Written evidence submitted by Flt Lt James Jones RAF (Rtd)
Introduction
This submission is made in respect to the evidence given to the committee on 29th November 2016 which was a follow up to several matters from the Government’s response to the report “Beyond endurance? Military exercises and the duty of care”
I will start by saying that whilst I do not have the rank and position of some of the distinguished people who have appeared before the committee I do feel that my knowledge and experience in the matters under discussion could be worthy of consideration.

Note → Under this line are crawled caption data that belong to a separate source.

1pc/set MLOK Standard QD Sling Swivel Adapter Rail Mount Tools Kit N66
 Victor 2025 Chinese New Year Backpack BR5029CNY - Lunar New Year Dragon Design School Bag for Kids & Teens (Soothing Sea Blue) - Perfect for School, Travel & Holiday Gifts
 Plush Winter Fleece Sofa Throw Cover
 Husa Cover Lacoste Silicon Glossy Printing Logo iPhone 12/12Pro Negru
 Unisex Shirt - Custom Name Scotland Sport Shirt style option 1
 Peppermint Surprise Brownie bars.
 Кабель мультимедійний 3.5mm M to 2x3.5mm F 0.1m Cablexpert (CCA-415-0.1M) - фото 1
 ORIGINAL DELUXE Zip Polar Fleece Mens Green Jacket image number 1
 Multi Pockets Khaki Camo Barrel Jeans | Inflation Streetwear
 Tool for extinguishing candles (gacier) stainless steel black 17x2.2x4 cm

I was deeply involved in the Nimrod inquest and support for the families who lost loved ones. I offered evidence to Hadden-Cave, and my input is recognised in the acknowledgement at the end of his report. In more recent times I have been involved in inquiries surrounding the Tornado accident over the Moray Firth, and in particular the failure to hold a Fatal Accident Inquiry. My revelation to the Scottish Justice Committee that service personnel were excluded from the mandatory process came as a shock to all committee members and the minister involved. This anomaly is in process of being rectified, following approval by the House of Lords and House of Commons to a section 104 Order raised by the Scottish Government.
During the course of this written submission I will focus on three main topics; the duty holder concept, risk assessment and corporate accountability.
Duty Holder Concept
Much emphasis has been placed, by both the Minister and Air Marshal Garwood, on the outstanding merits of the Duty Holder concept as a means of ensuring meaningful accountability. It is presented as a new approach, just one year old. However, Air Marshal Garwood is well aware it is not new, it is has been tried and tested within the MAA since 2010. It is well documented in MAA Regulatory Article 1210. Annex F of RA1210 makes it clear that the Duty Holder is legally accountable for safe operations and will be required to make an argument that risks have been made ALARP; however, the validity of this argument can only be decided definitively by the courts, should an accident occur.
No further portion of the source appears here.